JESSE JAMES'S BURIED GOLD
THE LONGEST LIST OF THE LONGEST
STUFF AT THE LONGEST DOMAIN NAME AT LONG LAST
Jesse Woodson James
Jesse Woodson James was a
notorious American outlaw of the 19th century, ironically son of a Baptist
minister, Reverend Robert James. Born on September 5, 1847 in Kearney, Missouri,
Jesse James had to see his father die when he was eight and his mother Zerelda
marry again twice, before his life was definitely altered by the outbreak of the
American Civil War.
Missouri was divided between Unionists and Southern
sympathizers when Frank James, Jesse's older brother, left home to fight for the
rebel cause in 1861, before he went outlaw. In 1864, Jesse James joined Frank as
a "bushwhacker" fighting under such commanders as "Bloody Bill" Anderson, and
killing Unionist sympathizers when he was only 16 years old.
Frank and Jesse grew up fearless and developing skills with horses, shooting,
and what it was called "the fine art of disappearing in the woods", knowing
perfectly well their surrounding countryside, including all the roads, deer
trails, and river crossings. Over time, this knowledge was not only useful to
their robberies but to make bigger the legend of Jesse James' buried gold.
After being involved in several massacres, wounded
near the end of the Civil War and getting his family banished from the state of
Missouri by Union authorities, Jesse James and his brother joined their old
friend in outlawry, robbing countless banks.
Jesse gained fame by himself after robbing the Daviess County Savings
Association in Gallatin, Missouri in 1869, and shortly after claimed as the
American Robin Hood after his train robberies and techniques described by
contemporary newspapers.
Eventually, Jesse and Frank married and moved to
Nashville trying to live peacefully under other names, but Jesse returned to
crime in 1879 with a new gang. Jesse James was killed on April 3, 1882, after
secret negotiations of the Ford brothers with the Missouri governor, who put up
a $10,000 reward for each of the James brother, dead or alive around the legal
limit on state-offered rewards.
After his death, rumors of Jesse James's survival proliferated and later were
associated to a buried chest of gold. Some people believe he lived in Guthrie,
Oklahoma, as late as 1948, while others are convinced he lived in Granbury,
Texas, until 1951 when he died at the age of 103. Although Jesse James' body
buried in Missouri was exhumed in 1995 after a court order was granted.

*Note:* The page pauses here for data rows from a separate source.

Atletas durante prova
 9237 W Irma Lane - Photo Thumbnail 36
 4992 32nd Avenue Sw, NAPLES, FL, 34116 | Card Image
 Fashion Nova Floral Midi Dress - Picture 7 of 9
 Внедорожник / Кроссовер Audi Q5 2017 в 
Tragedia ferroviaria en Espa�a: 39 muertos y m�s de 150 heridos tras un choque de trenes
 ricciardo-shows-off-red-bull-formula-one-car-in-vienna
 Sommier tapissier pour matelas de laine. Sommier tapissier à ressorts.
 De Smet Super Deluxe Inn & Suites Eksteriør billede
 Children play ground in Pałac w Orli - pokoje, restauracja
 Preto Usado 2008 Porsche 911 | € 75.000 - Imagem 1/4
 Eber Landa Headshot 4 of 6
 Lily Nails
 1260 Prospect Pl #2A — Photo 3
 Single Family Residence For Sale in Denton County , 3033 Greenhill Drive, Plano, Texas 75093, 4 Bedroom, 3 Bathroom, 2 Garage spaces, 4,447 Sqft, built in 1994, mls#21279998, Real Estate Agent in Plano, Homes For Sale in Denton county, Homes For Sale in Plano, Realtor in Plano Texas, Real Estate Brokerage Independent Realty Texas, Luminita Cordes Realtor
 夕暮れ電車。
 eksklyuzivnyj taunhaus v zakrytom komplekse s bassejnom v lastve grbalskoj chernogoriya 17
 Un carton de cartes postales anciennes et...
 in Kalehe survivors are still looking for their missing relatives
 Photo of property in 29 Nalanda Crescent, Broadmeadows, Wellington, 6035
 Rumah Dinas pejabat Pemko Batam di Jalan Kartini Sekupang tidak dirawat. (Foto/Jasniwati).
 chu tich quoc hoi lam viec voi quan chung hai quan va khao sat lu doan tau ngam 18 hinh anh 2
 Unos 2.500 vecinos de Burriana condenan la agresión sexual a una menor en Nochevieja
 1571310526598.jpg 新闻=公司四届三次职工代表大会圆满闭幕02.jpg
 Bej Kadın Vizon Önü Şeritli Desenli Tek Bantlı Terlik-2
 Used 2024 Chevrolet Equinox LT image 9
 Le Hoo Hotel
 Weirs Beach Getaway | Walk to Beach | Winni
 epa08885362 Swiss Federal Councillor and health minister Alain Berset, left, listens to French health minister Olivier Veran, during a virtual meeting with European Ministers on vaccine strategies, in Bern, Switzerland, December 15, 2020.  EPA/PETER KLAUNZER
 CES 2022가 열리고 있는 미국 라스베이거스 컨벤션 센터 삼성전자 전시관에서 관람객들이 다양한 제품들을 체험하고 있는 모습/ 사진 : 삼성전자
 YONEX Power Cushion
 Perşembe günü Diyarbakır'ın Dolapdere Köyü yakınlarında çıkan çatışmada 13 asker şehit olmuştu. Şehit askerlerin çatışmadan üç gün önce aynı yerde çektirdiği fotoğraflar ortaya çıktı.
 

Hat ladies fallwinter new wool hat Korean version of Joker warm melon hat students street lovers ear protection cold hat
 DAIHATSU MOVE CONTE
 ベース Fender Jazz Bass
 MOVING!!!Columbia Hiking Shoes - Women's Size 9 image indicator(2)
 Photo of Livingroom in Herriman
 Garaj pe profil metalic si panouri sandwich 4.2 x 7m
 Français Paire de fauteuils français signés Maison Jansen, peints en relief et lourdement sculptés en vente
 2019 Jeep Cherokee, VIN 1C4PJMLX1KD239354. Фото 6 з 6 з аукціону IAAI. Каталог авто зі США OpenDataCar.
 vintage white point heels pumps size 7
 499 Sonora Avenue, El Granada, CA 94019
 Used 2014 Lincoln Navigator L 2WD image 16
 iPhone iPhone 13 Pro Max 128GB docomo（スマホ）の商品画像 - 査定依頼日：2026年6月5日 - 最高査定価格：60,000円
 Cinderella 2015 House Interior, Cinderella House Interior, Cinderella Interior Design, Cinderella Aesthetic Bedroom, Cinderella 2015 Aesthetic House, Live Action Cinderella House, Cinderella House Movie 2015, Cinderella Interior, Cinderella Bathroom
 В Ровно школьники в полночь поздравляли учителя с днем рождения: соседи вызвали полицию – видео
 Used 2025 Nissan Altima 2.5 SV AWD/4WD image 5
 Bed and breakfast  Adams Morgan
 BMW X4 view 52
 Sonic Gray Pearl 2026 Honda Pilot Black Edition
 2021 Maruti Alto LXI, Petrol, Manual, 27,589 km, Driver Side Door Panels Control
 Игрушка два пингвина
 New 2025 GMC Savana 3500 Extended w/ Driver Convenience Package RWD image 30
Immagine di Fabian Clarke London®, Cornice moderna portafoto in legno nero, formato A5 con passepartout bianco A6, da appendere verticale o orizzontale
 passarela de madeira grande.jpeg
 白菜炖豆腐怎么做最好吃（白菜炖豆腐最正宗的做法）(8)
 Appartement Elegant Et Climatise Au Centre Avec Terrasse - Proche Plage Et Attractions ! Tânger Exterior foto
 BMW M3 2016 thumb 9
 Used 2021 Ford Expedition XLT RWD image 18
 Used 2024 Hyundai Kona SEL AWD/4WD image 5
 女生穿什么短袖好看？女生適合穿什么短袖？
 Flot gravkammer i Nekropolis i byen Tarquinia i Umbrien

DNA analysis gave a 99.7% match to Jesse James
death in 1882, but Frank James could not identify the body of his brother a few
hours after Jesse James's death. The mystery of the gold equally remains
unknown. Some legend situate Jesse James' gold in Devil's Canyon in southwest
Oklahoma but others claim it is buried near Paragould in northeastern Arkansas.
The Constitution Tribune of Arkansas told a story revealing a buried treasure
which bandit Jesse James was said to have buried. That chronicle in February 28,
1940 was used as reference 13 years later, the Dixon Evening Telegraph, reported
seven digger farmers in the Black river near Paragould charging $1 a person to
watch the treasure hunting operation. Gold still not found.